== DATA

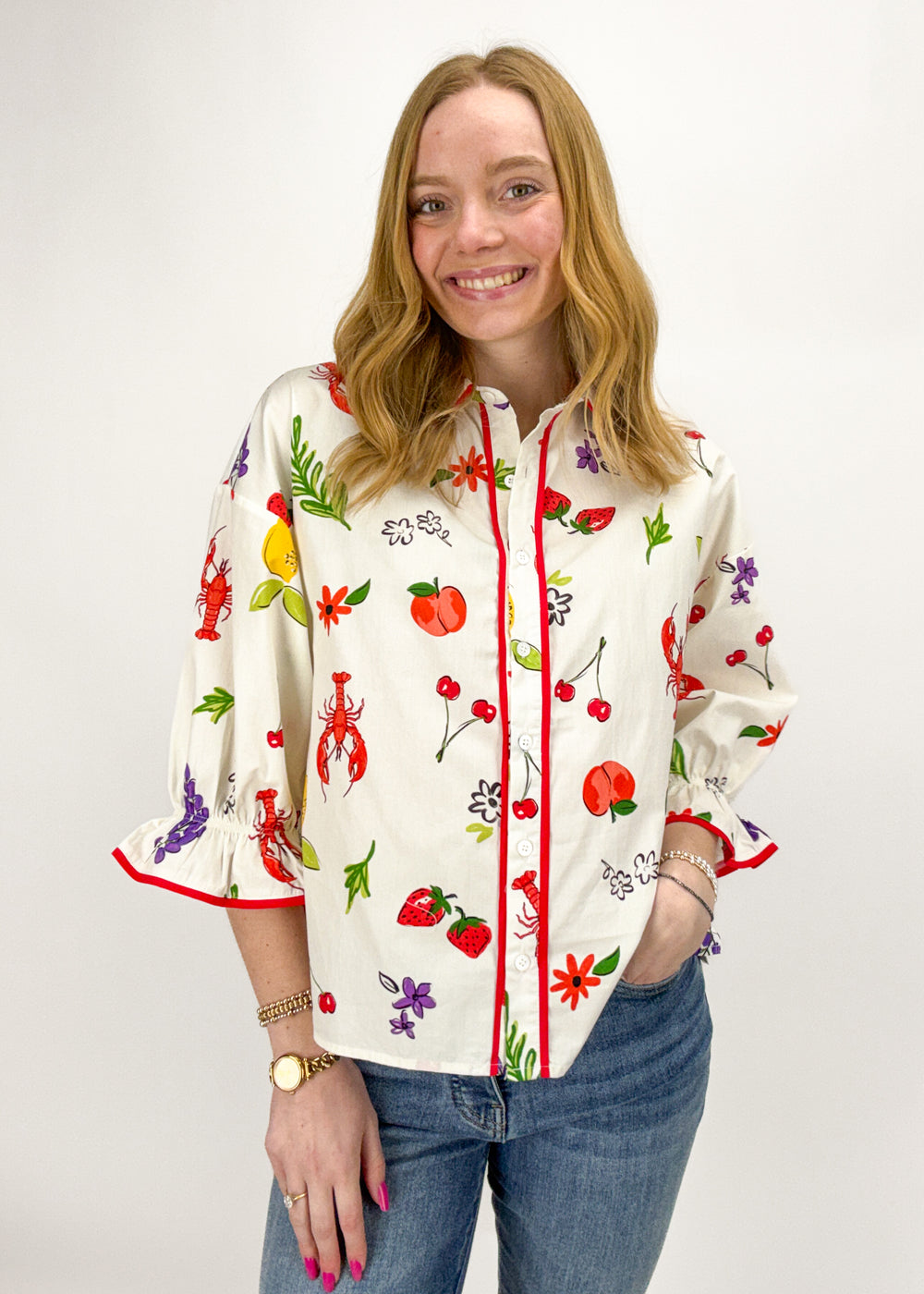 Woman wearing a colorful floral and fruit patterned shirt on a white background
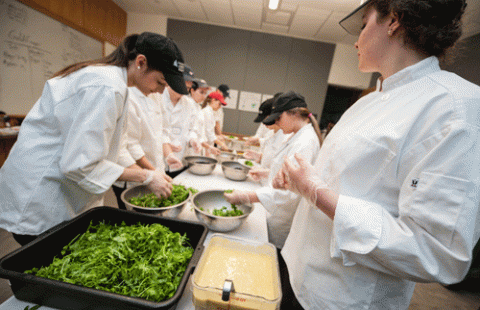 UNH Paul College HMGT Gourmet Dinner team prepping food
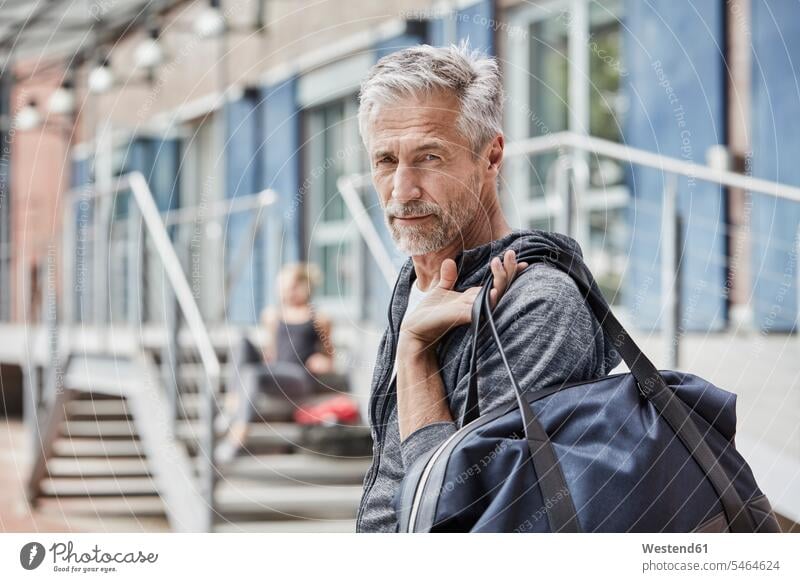 Portrait of mature man with sports bag in front of gym men males portrait portraits gyms Health Club Gym Bag Adults grown-ups grownups adult people persons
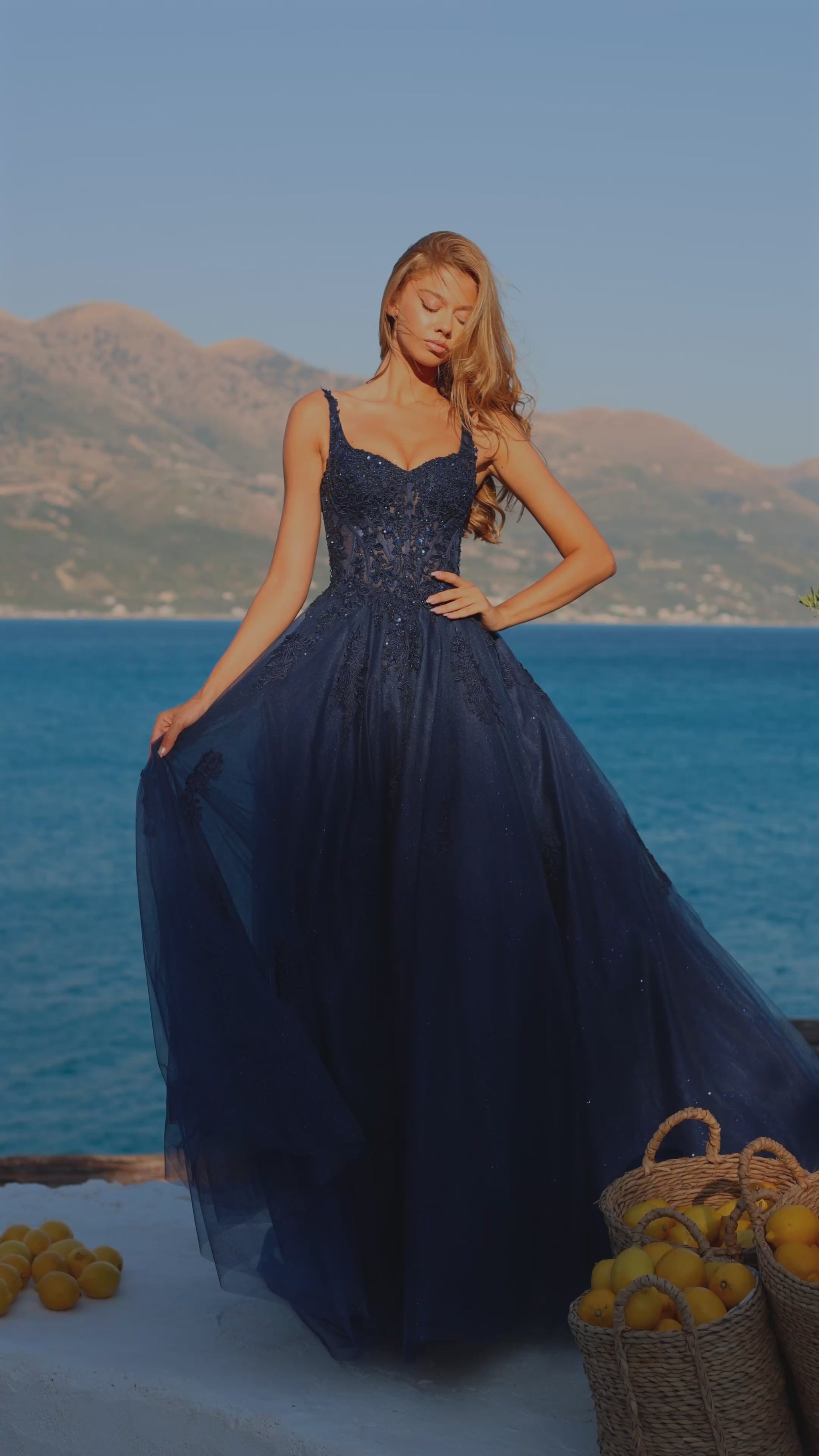 Elevate your formal event presence with the Amarra 89429, a stunning ballgown that seamlessly blends sophistication with dramatic elegance. This A-line silhouette features an intricately embellished sheer lace corset bodice that creates a refined, structured look while the voluminous tulle skirt provides the timeless grandeur expected of a show-stopping prom dress. The delicate lace detailing catches light beautifully, ensuring you command attention throughout the evening. Perfect for prom, pageants, or any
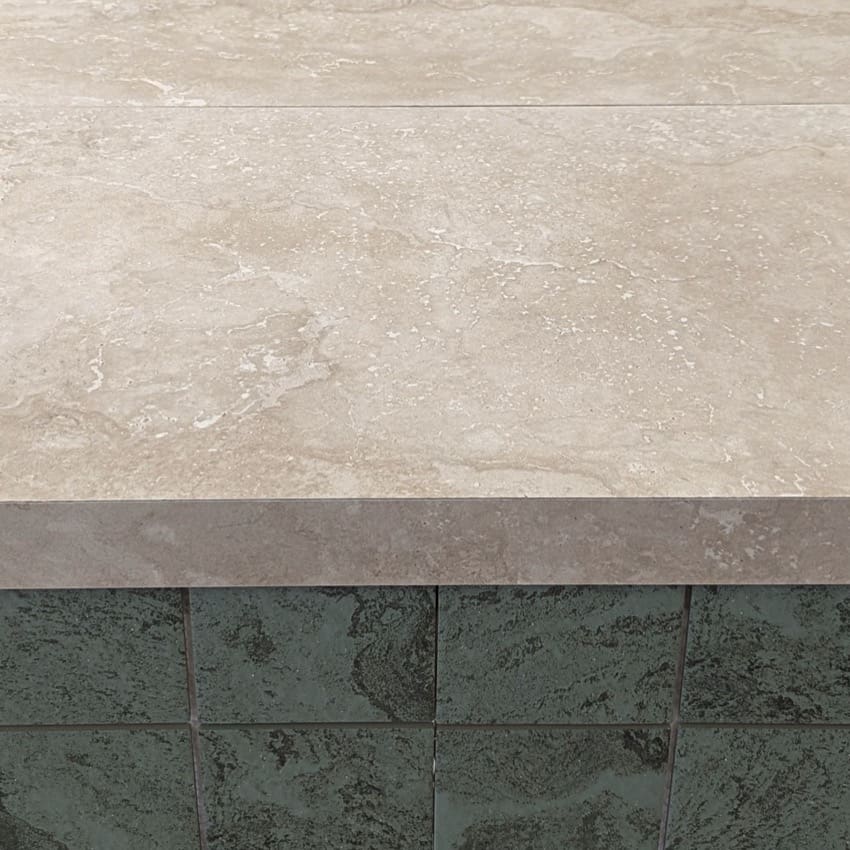 Norcia Travertine Silver 75x300mm tile used as a coping stone ledge over dark green ceramic wall tiles, showing natural beige veining and smooth matte finish.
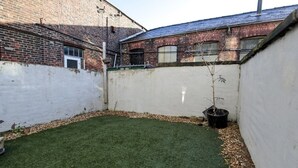 Ein durch eine Zäunung abgegrenzter Garten mit Rasen, ein Backsteinhaus und ein Blumentopf.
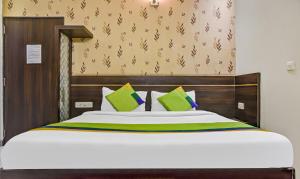 a bedroom with a large bed with green pillows at Treebo Trend Royal Sun Palace MP Nagar Zone 2 in Bhopal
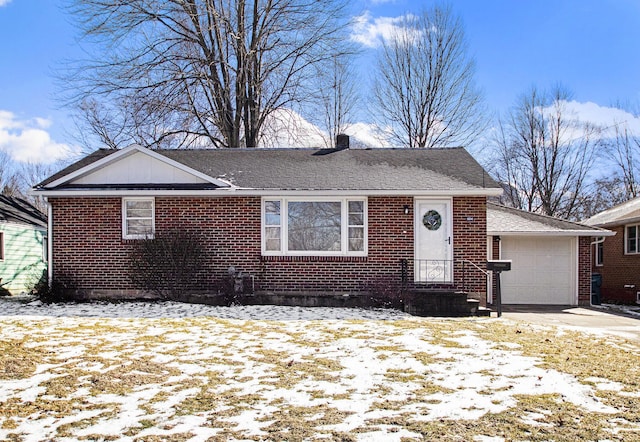 view of front of property with brick siding, a chimney, a shingled roof, concrete driveway, and an attached garage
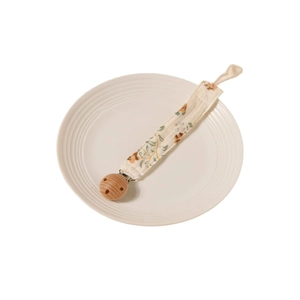 Attache-tétine en coton fleuri avec clip en bois sur une assiette en céramique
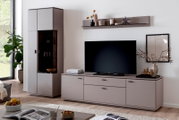 Modernes Wohnzimmer-Setup mit grauem TV-Lowboard und passendem Hochschrank mit Glasvitrine, TV mittig platziert und Wandboard darüber; Frontansicht in leichter Schrägperspektive von links.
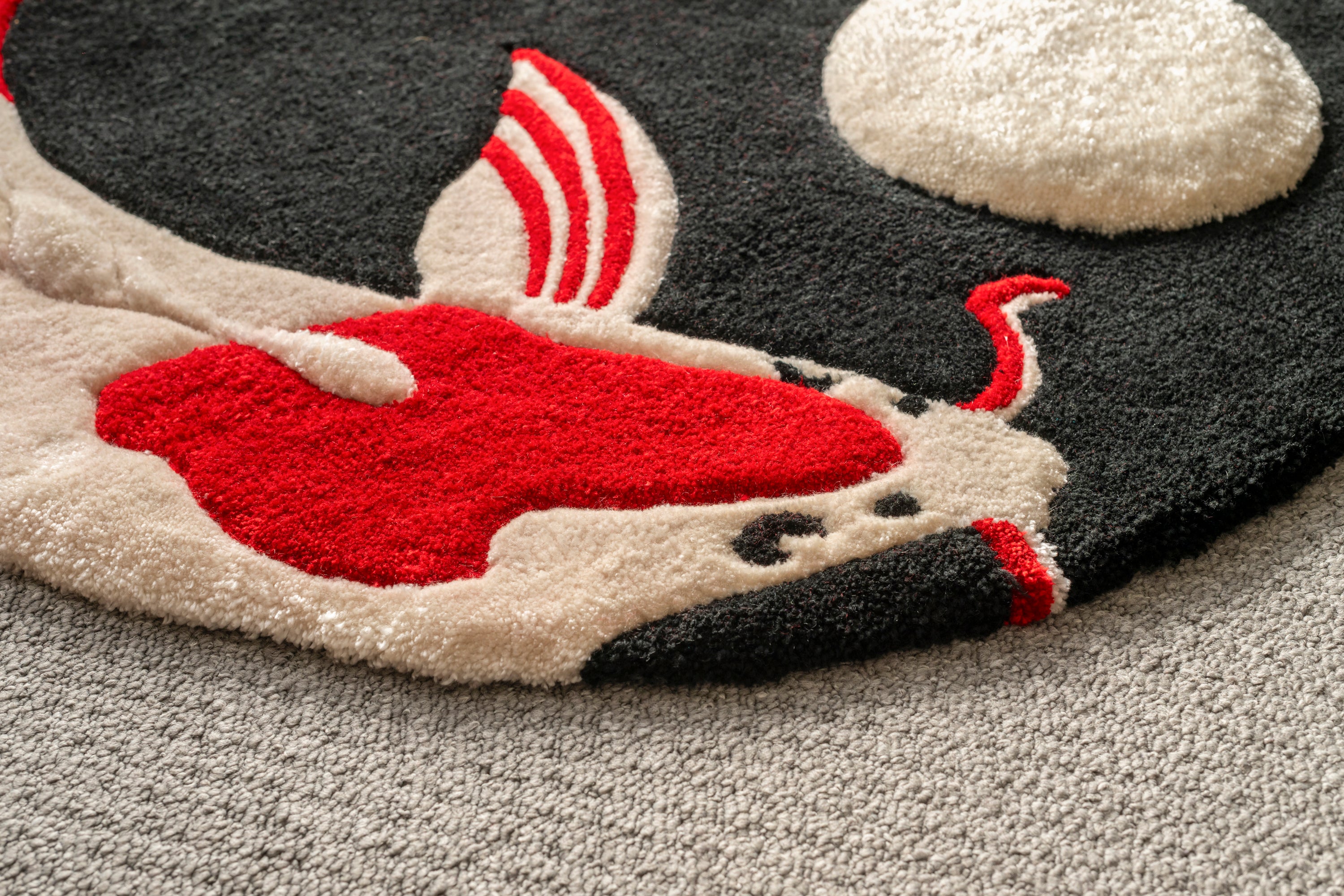 Close-up of the koi fish body and raised moon element on a handmade Japanese koi rug.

====

_WHAT YOU SHOULD DO_: Restate each entry word for word, leaving out any pictures.

_SOLUTION_:
 Woman wearing a colorful floral and fruit patterned shirt on a white background
 UNH Paul College HMGT Gourmet Dinner team prepping food
 Portrait of mature man with sports bag in front of gym men males portrait portraits gyms Health Club Gym Bag Adults grown-ups grownups adult people persons
 Elevate your formal event presence with the Amarra 89429, a stunning ballgown that seamlessly blends sophistication with dramatic elegance. This A-line silhouette features an intricately embellished sheer lace corset bodice that creates a refined, structured look while the voluminous tulle skirt provides the timeless grandeur expected of a show-stopping prom dress. The delicate lace detailing catches light beautifully, ensuring you command attention throughout the evening. Perfect for prom, pageants, or any
 Norcia Travertine Silver 75x300mm tile used as a coping stone ledge over dark green ceramic wall tiles, showing natural beige veining and smooth matte finish.
 Ein durch eine Zäunung abgegrenzter Garten mit Rasen, ein Backsteinhaus und ein Blumentopf.
 a bedroom with a large bed with green pillows at Treebo Trend Royal Sun Palace MP Nagar Zone 2 in Bhopal
 view of front of property with brick siding, a chimney, a shingled roof, concrete driveway, and an attached garage
 Attache-tétine en coton fleuri avec clip en bois sur une assiette en céramique
 Modernes Wohnzimmer-Setup mit grauem TV-Lowboard und passendem Hochschrank mit Glasvitrine, TV mittig platziert und Wandboard darüber; Frontansicht in leichter Schrägperspektive von links.
 Close-up of the koi fish body and raised moon element on a handmade Japanese koi rug.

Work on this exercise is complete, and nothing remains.